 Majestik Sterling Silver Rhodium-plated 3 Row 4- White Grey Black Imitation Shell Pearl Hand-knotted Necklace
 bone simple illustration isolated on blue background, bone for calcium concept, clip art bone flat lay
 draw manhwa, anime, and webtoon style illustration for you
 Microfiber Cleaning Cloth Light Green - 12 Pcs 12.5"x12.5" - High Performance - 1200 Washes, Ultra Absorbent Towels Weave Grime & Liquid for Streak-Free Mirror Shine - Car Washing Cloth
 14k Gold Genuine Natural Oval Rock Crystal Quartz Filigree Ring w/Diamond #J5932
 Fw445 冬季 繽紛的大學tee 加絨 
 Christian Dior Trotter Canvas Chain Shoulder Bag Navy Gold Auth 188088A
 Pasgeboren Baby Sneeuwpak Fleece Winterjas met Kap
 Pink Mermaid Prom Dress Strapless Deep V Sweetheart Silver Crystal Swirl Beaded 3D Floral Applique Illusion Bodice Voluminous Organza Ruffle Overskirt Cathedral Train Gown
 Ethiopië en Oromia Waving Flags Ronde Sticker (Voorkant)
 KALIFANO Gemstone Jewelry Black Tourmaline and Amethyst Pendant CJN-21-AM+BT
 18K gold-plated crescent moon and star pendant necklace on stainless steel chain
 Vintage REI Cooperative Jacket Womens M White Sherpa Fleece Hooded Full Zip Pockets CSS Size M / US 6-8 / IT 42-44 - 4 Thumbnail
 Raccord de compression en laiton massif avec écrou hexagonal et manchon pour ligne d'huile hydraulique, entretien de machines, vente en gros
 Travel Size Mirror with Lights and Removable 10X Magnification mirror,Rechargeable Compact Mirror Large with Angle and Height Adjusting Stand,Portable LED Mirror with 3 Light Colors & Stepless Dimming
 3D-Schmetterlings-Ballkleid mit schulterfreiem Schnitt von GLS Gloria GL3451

## ABOUT THIS TASK
With every line intact, reproduce the listing verbatim.

## EXERCISE ANSWER
 Majestik Sterling Silver Rhodium-plated 3 Row 4- White Grey Black Imitation Shell Pearl Hand-knotted Necklace
 bone simple illustration isolated on blue background, bone for calcium concept, clip art bone flat lay
 draw manhwa, anime, and webtoon style illustration for you
 Microfiber Cleaning Cloth Light Green - 12 Pcs 12.5"x12.5" - High Performance - 1200 Washes, Ultra Absorbent Towels Weave Grime & Liquid for Streak-Free Mirror Shine - Car Washing Cloth
 14k Gold Genuine Natural Oval Rock Crystal Quartz Filigree Ring w/Diamond #J5932
 Fw445 冬季 繽紛的大學tee 加絨 
 Christian Dior Trotter Canvas Chain Shoulder Bag Navy Gold Auth 188088A
 Pasgeboren Baby Sneeuwpak Fleece Winterjas met Kap
 Pink Mermaid Prom Dress Strapless Deep V Sweetheart Silver Crystal Swirl Beaded 3D Floral Applique Illusion Bodice Voluminous Organza Ruffle Overskirt Cathedral Train Gown
 Ethiopië en Oromia Waving Flags Ronde Sticker (Voorkant)
 KALIFANO Gemstone Jewelry Black Tourmaline and Amethyst Pendant CJN-21-AM+BT
 18K gold-plated crescent moon and star pendant necklace on stainless steel chain
 Vintage REI Cooperative Jacket Womens M White Sherpa Fleece Hooded Full Zip Pockets CSS Size M / US 6-8 / IT 42-44 - 4 Thumbnail
 Raccord de compression en laiton massif avec écrou hexagonal et manchon pour ligne d'huile hydraulique, entretien de machines, vente en gros
 Travel Size Mirror with Lights and Removable 10X Magnification mirror,Rechargeable Compact Mirror Large with Angle and Height Adjusting Stand,Portable LED Mirror with 3 Light Colors & Stepless Dimming
 3D-Schmetterlings-Ballkleid mit schulterfreiem Schnitt von GLS Gloria GL3451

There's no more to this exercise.